## Prompt
Leave out all pictures. Extract exactly the lines from the one containing "Cardigan Heart Draw" through the end of the data.

───── Supplied records

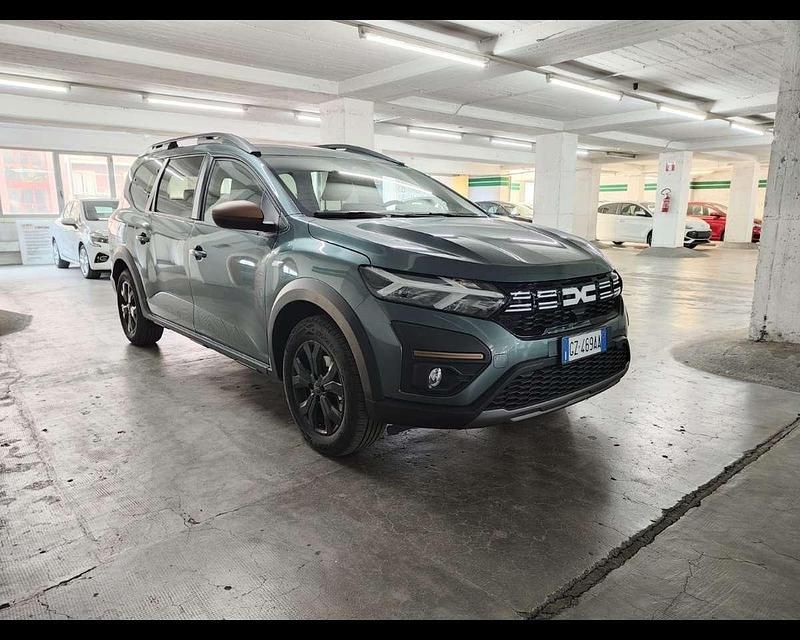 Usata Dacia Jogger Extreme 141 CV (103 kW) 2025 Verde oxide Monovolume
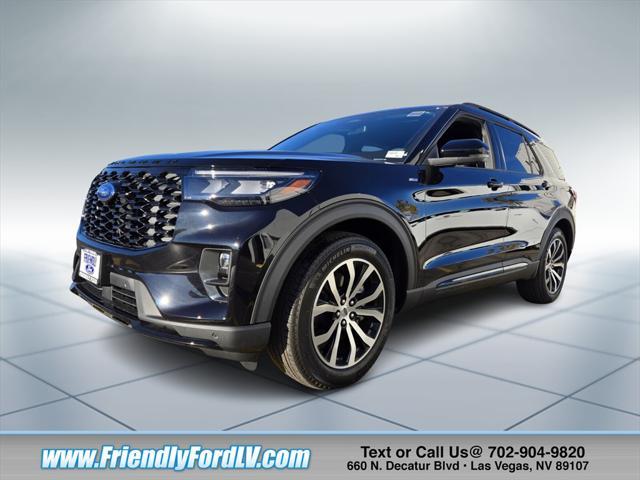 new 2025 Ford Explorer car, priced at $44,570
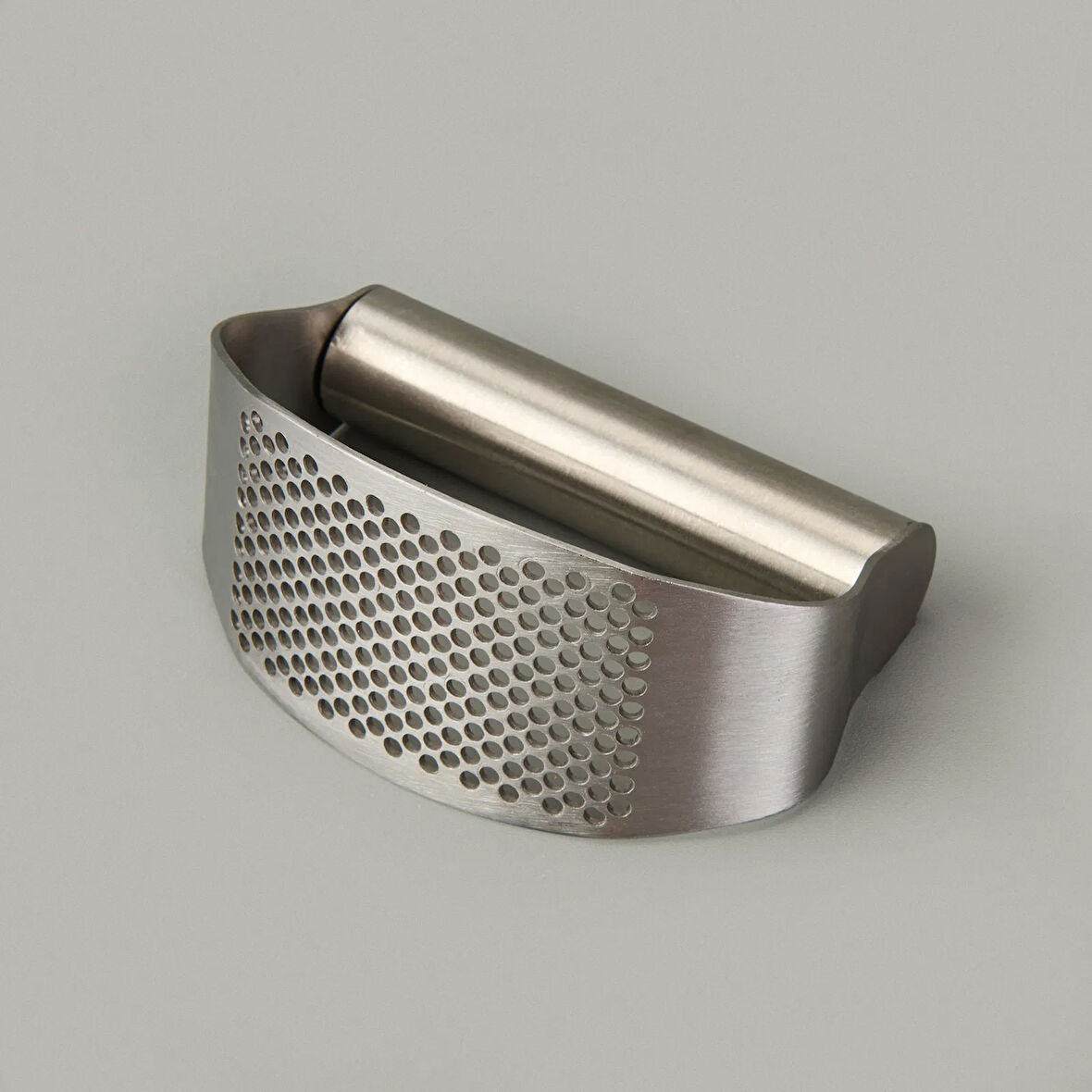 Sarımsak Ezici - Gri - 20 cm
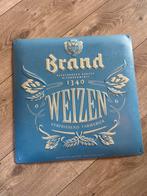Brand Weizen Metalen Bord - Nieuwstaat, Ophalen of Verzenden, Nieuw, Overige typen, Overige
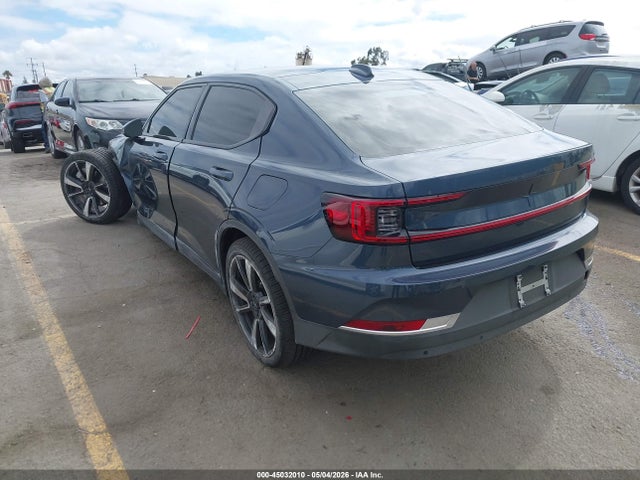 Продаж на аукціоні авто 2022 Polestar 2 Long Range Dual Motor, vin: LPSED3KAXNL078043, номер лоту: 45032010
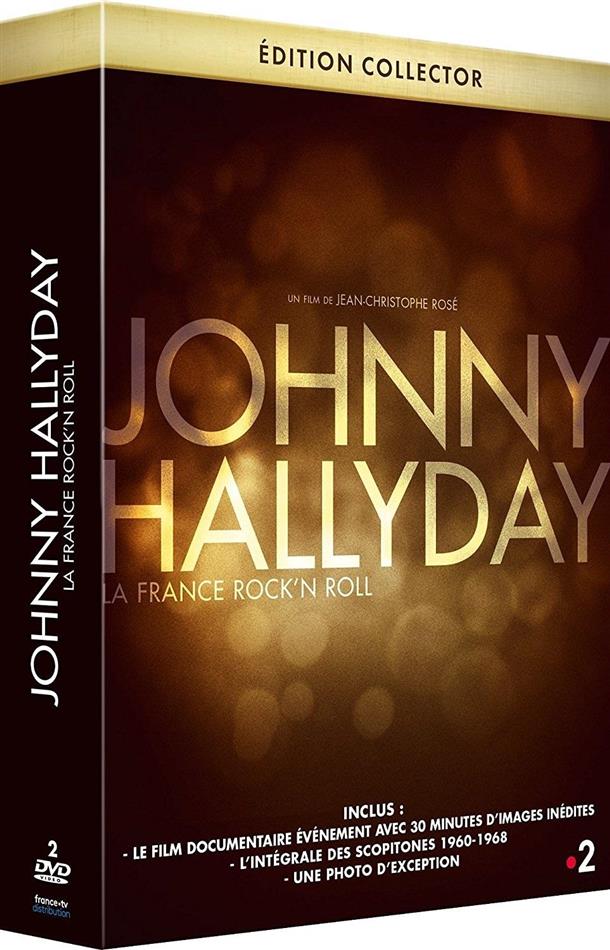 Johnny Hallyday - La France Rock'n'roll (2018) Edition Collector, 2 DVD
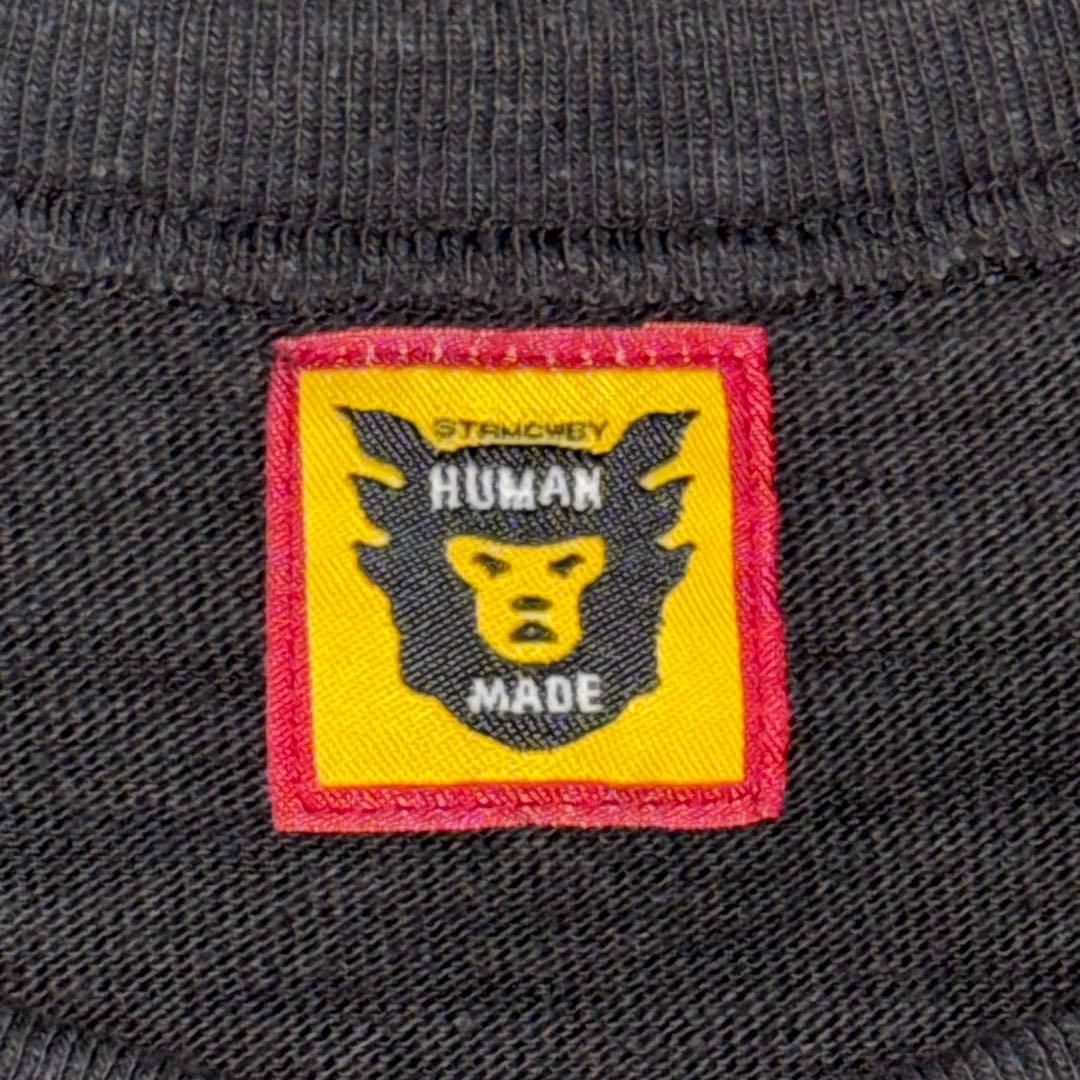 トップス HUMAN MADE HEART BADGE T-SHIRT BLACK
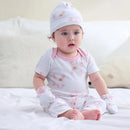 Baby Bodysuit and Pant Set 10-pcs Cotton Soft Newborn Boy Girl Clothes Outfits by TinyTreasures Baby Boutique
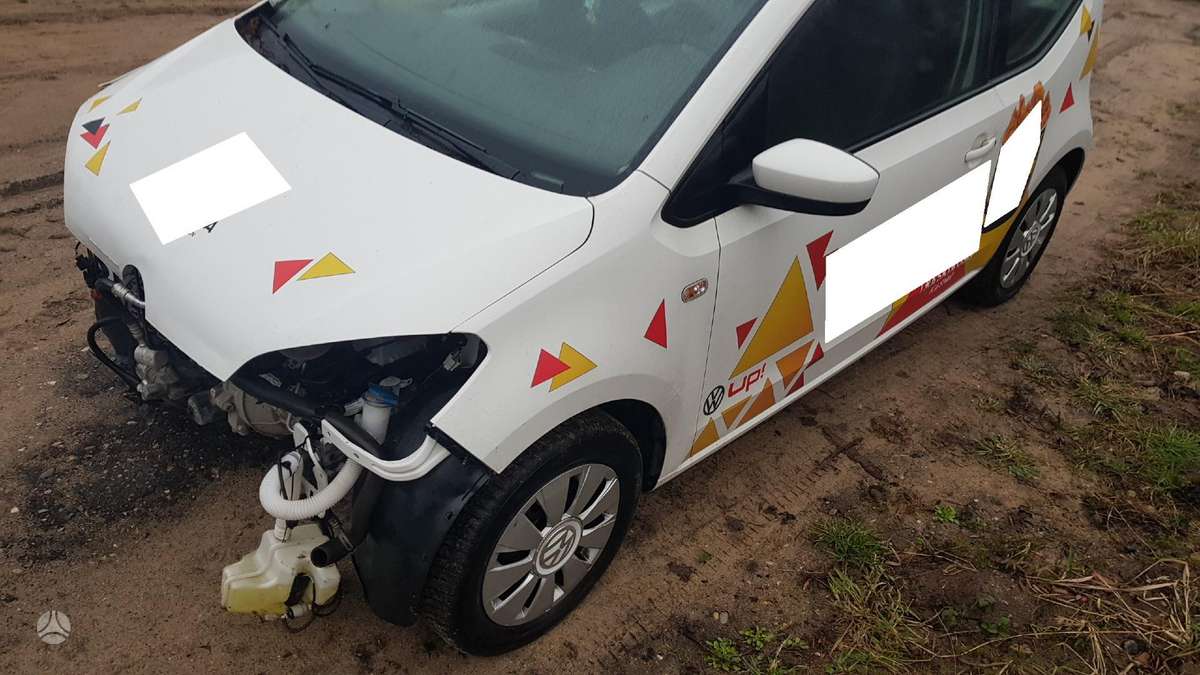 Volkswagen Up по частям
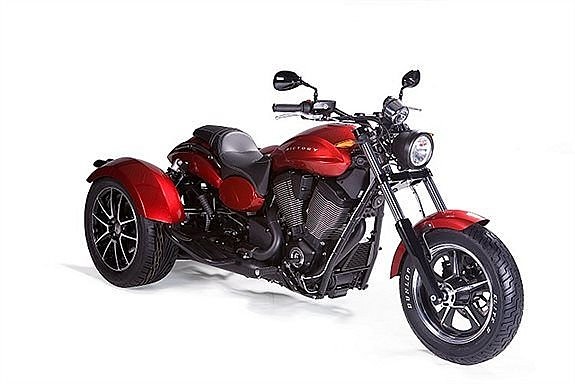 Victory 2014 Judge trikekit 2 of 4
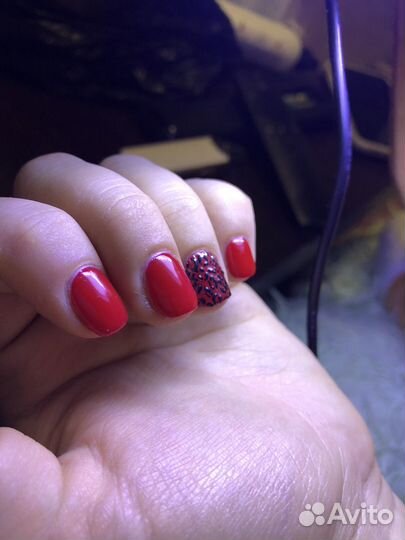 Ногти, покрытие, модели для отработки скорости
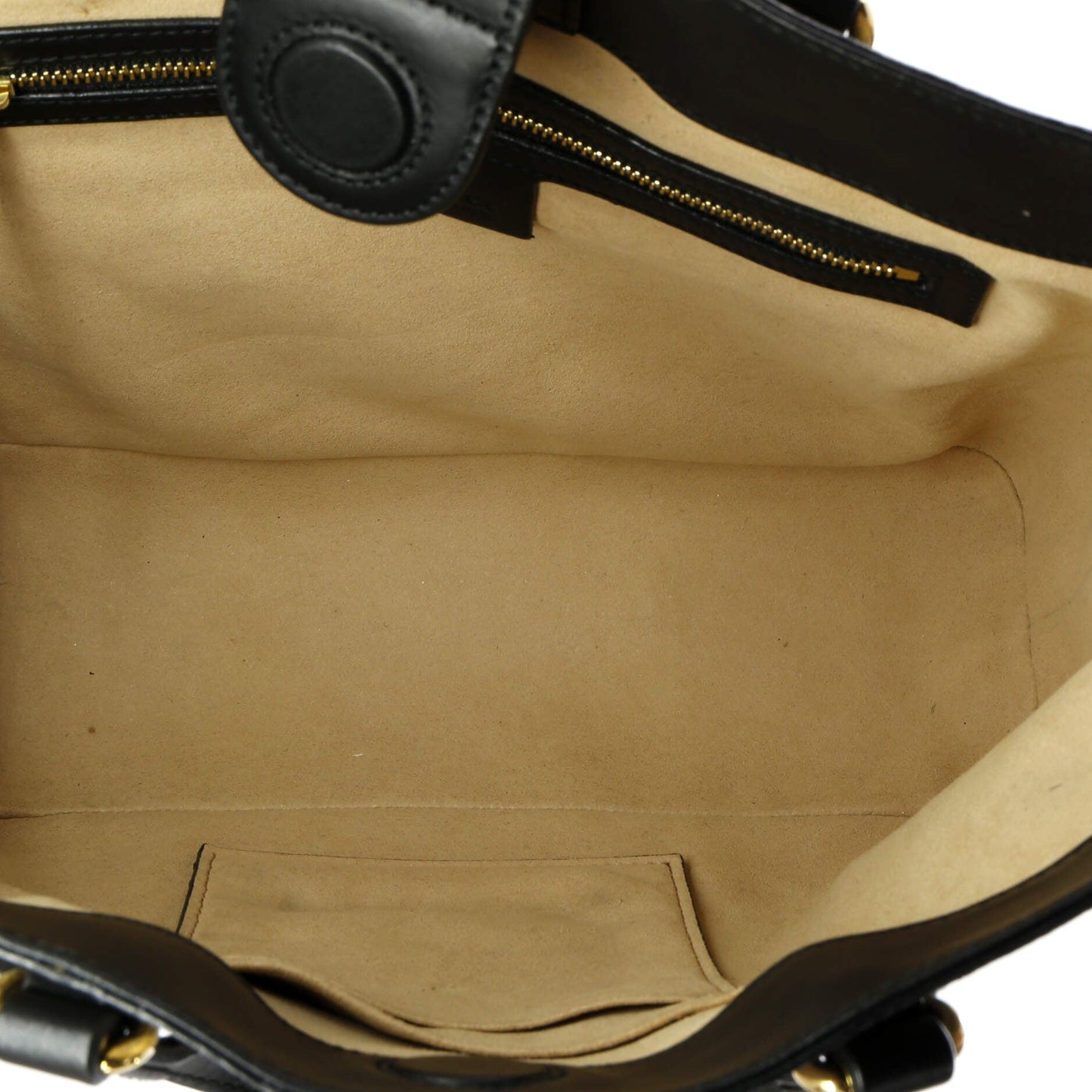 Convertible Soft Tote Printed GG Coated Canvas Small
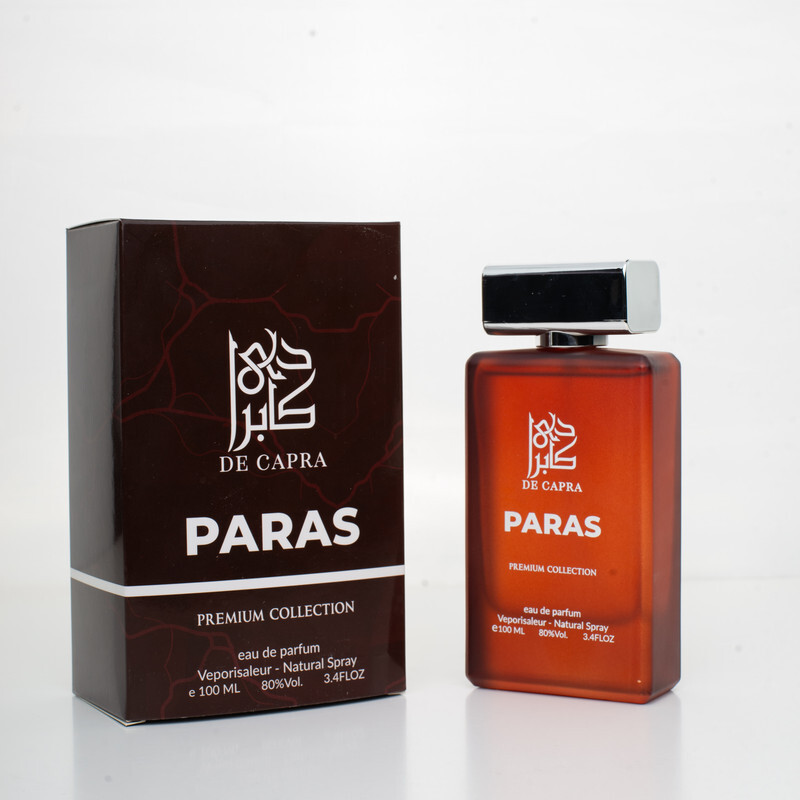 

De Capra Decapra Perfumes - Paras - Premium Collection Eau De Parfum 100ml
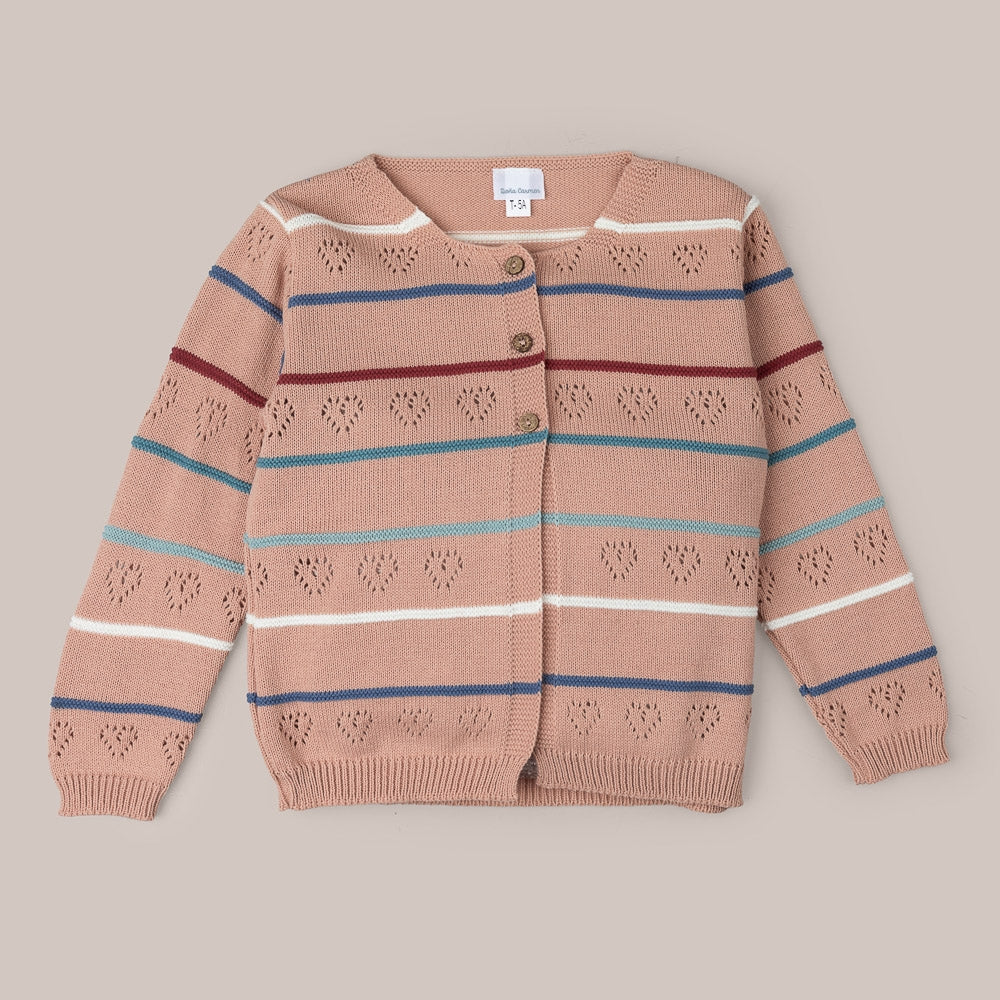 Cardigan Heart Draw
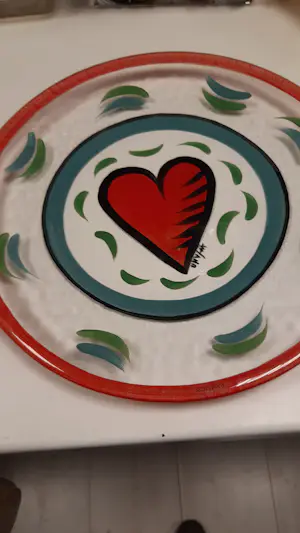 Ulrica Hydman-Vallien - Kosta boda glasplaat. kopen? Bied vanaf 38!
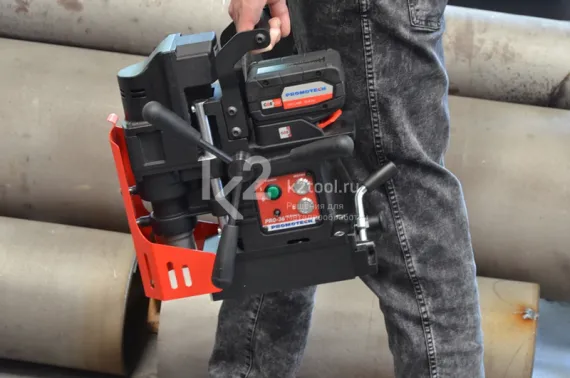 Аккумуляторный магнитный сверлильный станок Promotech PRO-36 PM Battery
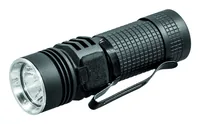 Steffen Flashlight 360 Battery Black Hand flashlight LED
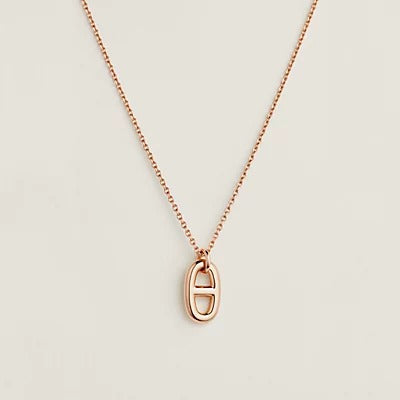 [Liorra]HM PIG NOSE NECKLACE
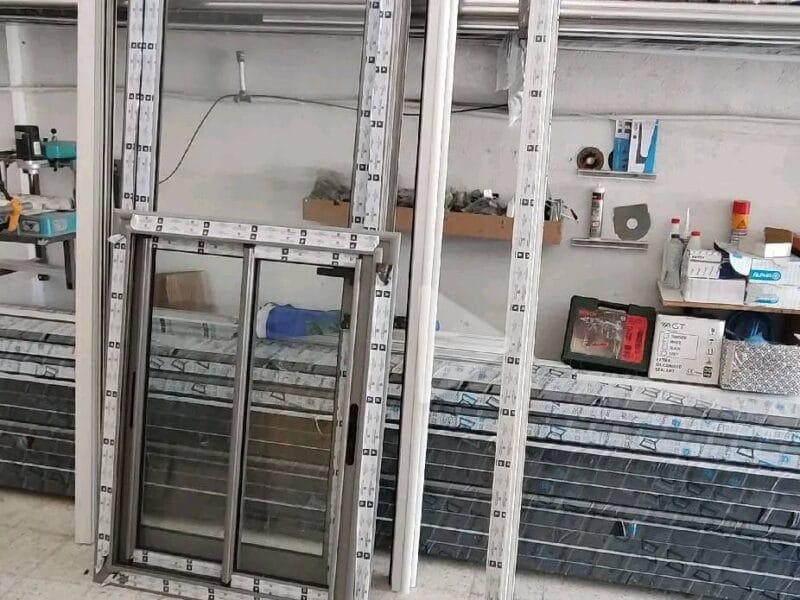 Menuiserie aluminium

──────────

## Exercise response
 Cardigan Heart Draw
 Ulrica Hydman-Vallien - Kosta boda glasplaat. kopen? Bied vanaf 38!
 Аккумуляторный магнитный сверлильный станок Promotech PRO-36 PM Battery
 Steffen Flashlight 360 Battery Black Hand flashlight LED
 [Liorra]HM PIG NOSE NECKLACE
 Menuiserie aluminium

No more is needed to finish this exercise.